しかし,① 1審被告都議らからの連絡によって取材を始めたことは事実であるが,前記のとおり,同都議らと連携したと認めることはできず,② 特定校の具体的授業を取り上げて連続的に記事にすること自体は,報道の自由として許容されるものであるし,③ 取材が不十分であるとはいえず,④ 内容が歪曲されているとは認められず,⑤ 正当な報道により教育実践が事実上の影響を受けることがあるとしても,これを教育実践を歪める不当なものということはできないから,1審原告らの上記主張は採用することができない。
(イ) また,1審原告らは,原審は,本件第1記事,本件第3記事及び本件第4記事につき,1審原告らが特定されるものではないとして名誉毀損を否定したが,誤りであると主張する。
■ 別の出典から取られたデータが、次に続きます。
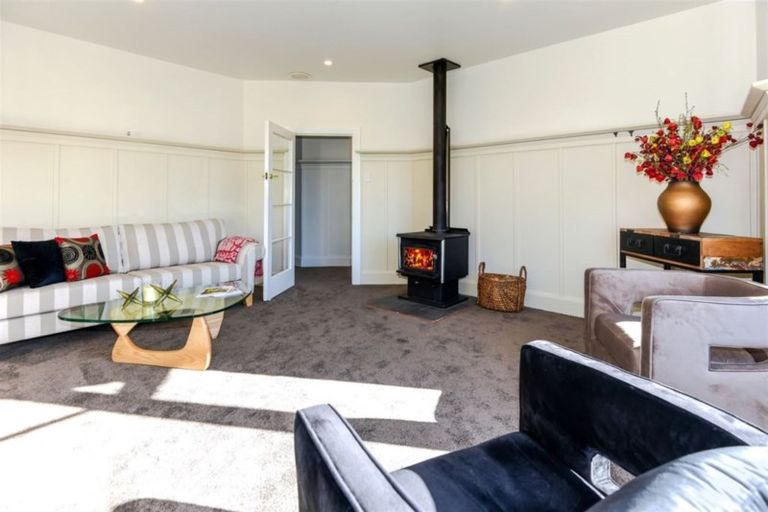 Photo of property in 18 Studholme Street, Somerfield, Christchurch, 8024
しかし,1審原告X6以外の1審原告らを特定できるような情報は,本件各記事には記載されておらず,本件養護学校の教員全員が不適切な性教育に携わっていたという趣旨に読むこともできないから,上記主張には理由がない。確かに,ある集団の社会的信用が害されることにより,当該集団に関係する個人に対する社会的評価も低下するということは起き得るが,記事が批判しているのが専ら当該集団の行為であって,当該集団に関係する個人まで批判するものでなく,かつ,当該批判が当該集団に属する者全員にかかわるものと読むこともできない場合には,当該個人に対する名誉毀損が成立するということはできないものというべきである。
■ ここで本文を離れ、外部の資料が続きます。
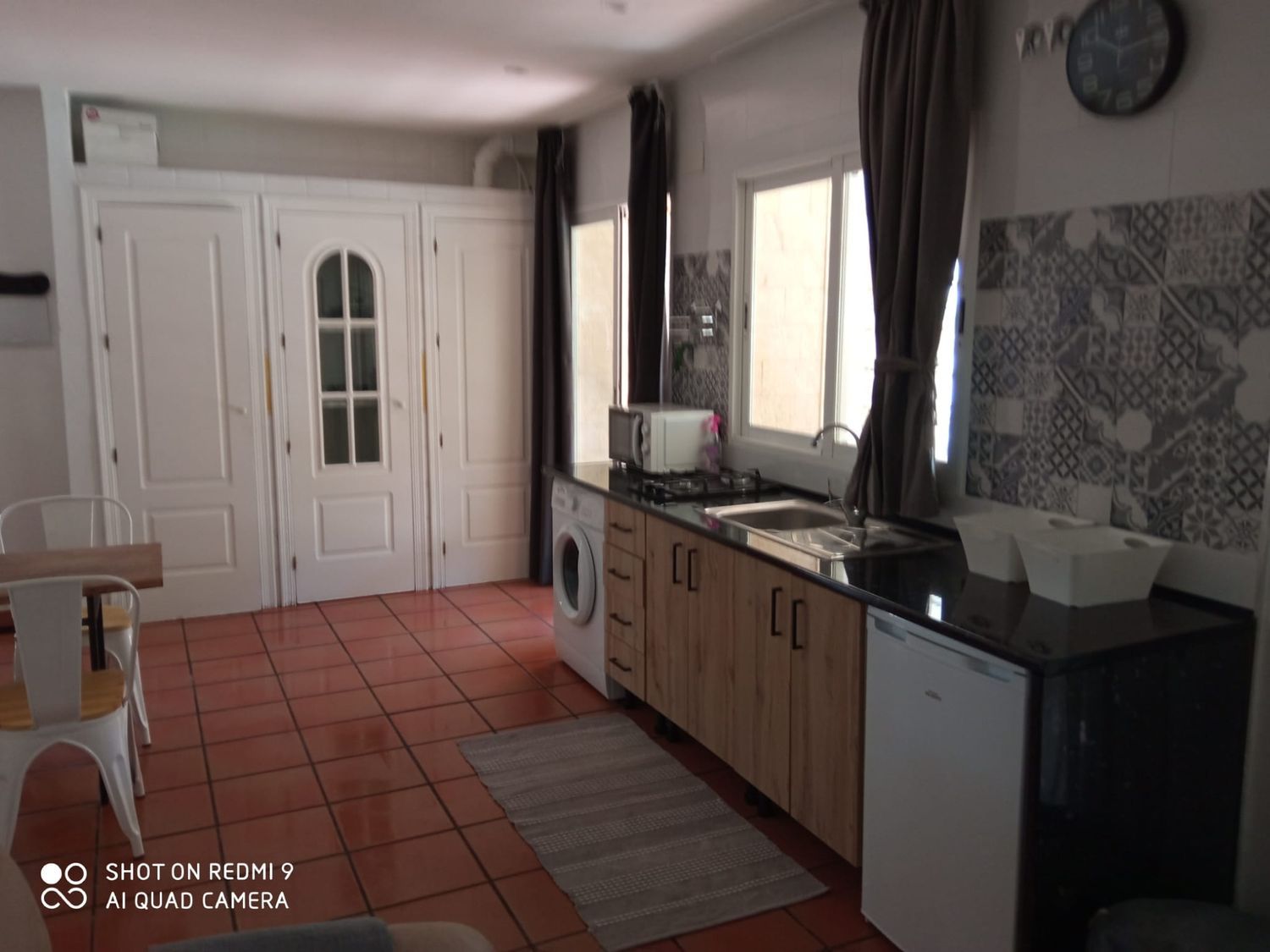 Piso en calle Maestre Escuela, 61 - Foto 16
(ウ) 1審原告X6は,本件第1記事は,論評の基礎となる事実を誤っていると主張する。
ある事実を基礎としての意見ないし論評の表明による名誉毀損にあっては,その行為が公共の利害に関する事実に係り,かつ,その目的が専ら公益を図ることにあった場合に,上記意見ないし論評の前提としている事実が重要な部分について真実であることの証明があったときには,人身攻撃に及ぶなど意見ないし論評としての域を逸脱したものでない限り,上記行為は違法性を欠くものというべきである(最高裁平成9年9月9日第三小法廷判決・民集51巻8号3804頁)。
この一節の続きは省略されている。